Zum Schluss wies die Referentin noch darauf hin, dass Sprach- und Sprechprobleme nicht immer daran liegen müssen, dass man aus einem anderen Land kommt. Auch deutsche Kinder gehen zur Logopädin weil sie stottern, lispeln, zu leise oder zu laut sprechen. Wichtig ist, die Ursache herauszufinden und dann die richtige Therapie anzuwenden. Denn Kinder können auch aufgrund von Hörproblemen schlecht verstehen und sprechen oder weil sie traumatisiert sind "verstummen".

Gefreut haben sich die Frauen auch sehr über den letzten Beitrag. Kosovare K. berichtete aus ihrem Alltag als Altenpflegeauszubildende, Mutter von zwei Kindern und Ehefrau. Sie erzählte sehr lebendig und positiv aus ihrem Alltag. Dabei verschwieg sie nicht Probleme und Schwierigkeiten des Alltags. Klar ist, dass sie für Viele ein Vorbild ist und andere Frauen von ihr lernen können, wie man Beruf und Familie innerhalb und außerhalb der Flüchtlingsunterkunft miteinander vereinbaren kann. Frau K. betonte auch immer wieder, dass sie ihrem Mann, ehrenamtliche Sprachpaten sowie Integrationshelferinnen sehr dankbar für die Unterstützung im Alltag ist. Sie ermutigte andere Frauen, sich trotz bürokratischer Hürden nicht entmutigen zu lassen und ihre Ziele zu verfolgen. Nichts sei schlimmer als keine Ausbildung, Arbeit oder einfach überhaupt keine Ziele/Perspektive zu haben.

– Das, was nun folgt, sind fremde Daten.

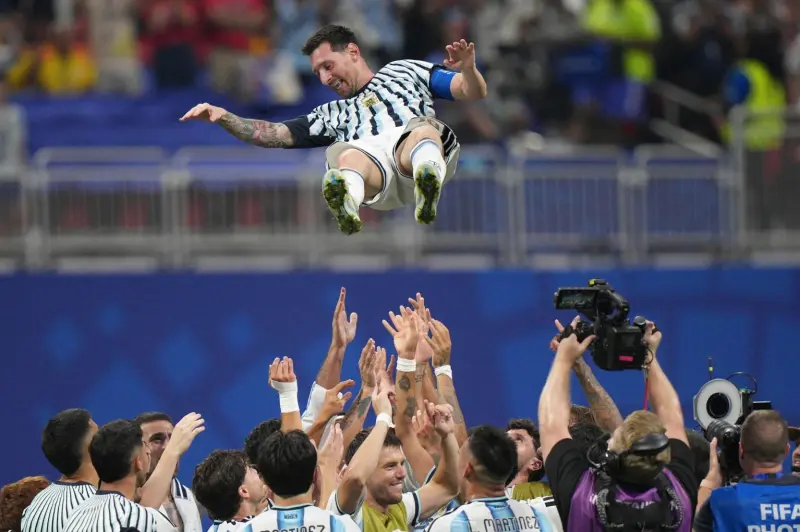 El retiro de Messi abre una nueva e incierta etapa para el fútbol de Argentina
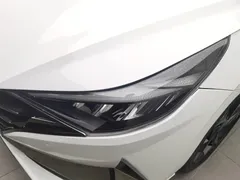 2022 Hyundai Elantra 1.5L CVT LUX Premium, белый — фото 7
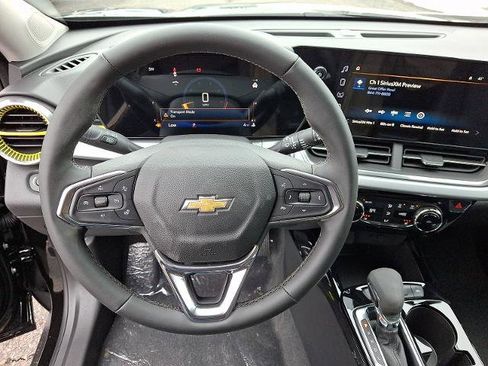 New 2026 Chevrolet Trax LT w/ Driver Confidence Package image 9
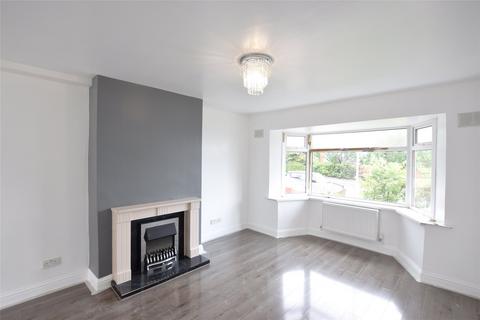 3 bedroom semi-detached house to rent, Wealcroft, Leam Lane, NE10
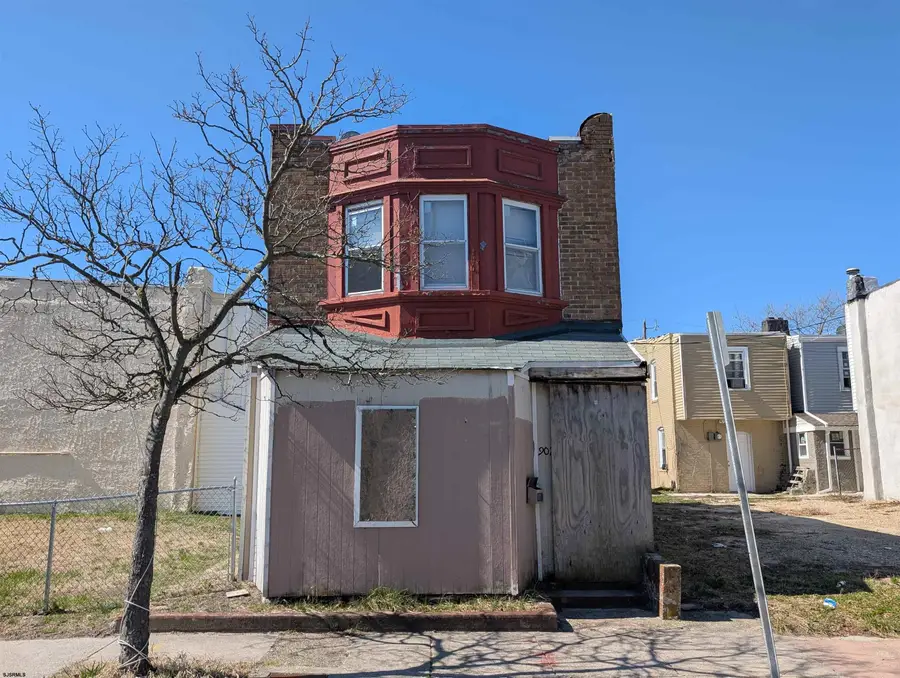 902 N Michigan Ave, Atlantic City, NJ 08401 - #2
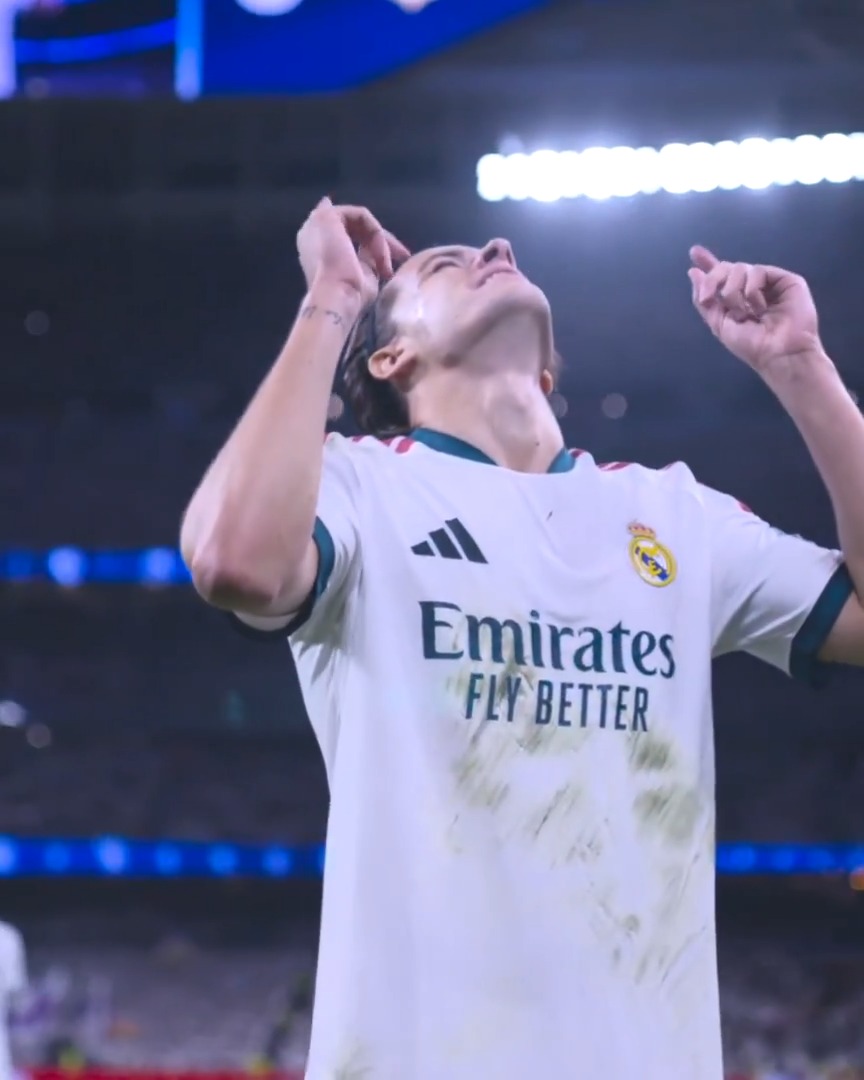 Carreras se suma a la fiesta en el Bernabéu.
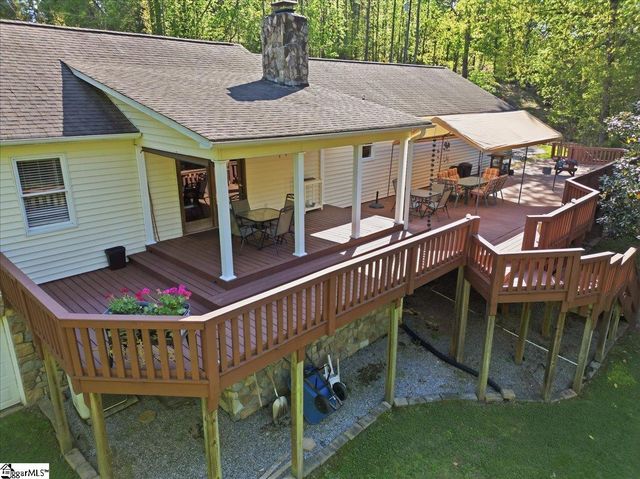 310 Holly Springs Road, Inman, SC 29349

Nach diesen vielfältigen Inputs wurde gefrühstückt. Die Frauen tauschten sich sehr lebhaft miteinander aus und probierten die mitgebrachten Speisen aus sieben Nationen. Eine Gruppe von Frauen räumte/reinigte die Küche und Frühstucksraum gemeinschaftlich auf und  gegen 13.30 Uhr hatten auch die letzten Frauen das Haus zu Fuß, mit dem Bus oder in Fahrgemeinschaften verlassen.

Aufgrund der Corona-Krise fällt nun das nächste Frauenfrühstück am 19. April leider aus. Sobald mehr Klarheit zum Thema Kontaktsperre herrscht, veröffentlichen wir den neuen Termin. Das nächste planmäßige Frauenfrühstück ist am 7. Juni 2020.

(Auf dem Foto sind nur die Frauen mit Kindern abgebildet, die sich fotografieren lassen wollten.)